A financial plan that focuses on your household finances does just that it is designed to help you improve your household finances. The plan focuses on the day to day income and expenses of your household. The key is you will focus on household spending and anything that you may have planned to improve your home or income. This is the time to review your insurance deductibles to make sure you are not over paying for life, auto, homeowners, or renters insurance. You should review your credit cards and eliminate high interest credit cards, your ultimate goal should be to pay off credit card debt at the end of the month avoiding interest expense.

An investment financial plan focuses on your investments such as stocks, bonds, mutual funds, options or whatever your preferred investment. This is the time that you will focus on asset allocation which simply means you are going to plan to diversify your assets so you don’t put all your eggs in one basket.
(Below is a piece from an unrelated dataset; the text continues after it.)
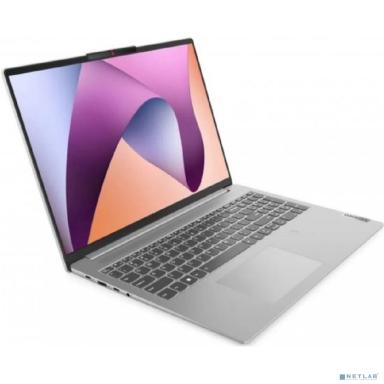 Lenovo IdeaPad Slim 5 16IRH10R [83J1001FRK] Grey 16" {OLED  i7 240H(2.5Ghz)/32768Mb/1024PCISSDGb/noDVD/Int:Intel® Graphics//noOS}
If you invest all of your money in a particular investment that suddenly goes down in value you could loose your entire savings. It’s very important that you protect your principal (savings) when you invest. This means it’s important to know when to get out of an investment and when to stay in. Most of the best investment advisor's are only right in their investment choices about 40% of the time, that’s why it’s important that you get out of loosing investments as soon as possible and stay in winning investments as long as possible. When ever you invest you should know your entry and exit points. I will cover this in more detail in the investment section but the bottom line is you should have an investment plan if you want to successfully grow your investment income.

Remember your financial plan is a well thought out guide that you use as your road map to financial freedom. It focuses on your household income and expenses as well as your investment income and expenses. The general idea is to cut expenses as much as possible while increasing income. The most important part of the financial plan is action. You must take action, you can’t have analysis paralysis and you can’t let fear keep you from moving forward. Know that you will make mistakes but you will learn from them ultimately avoiding other bigger costly mistakes.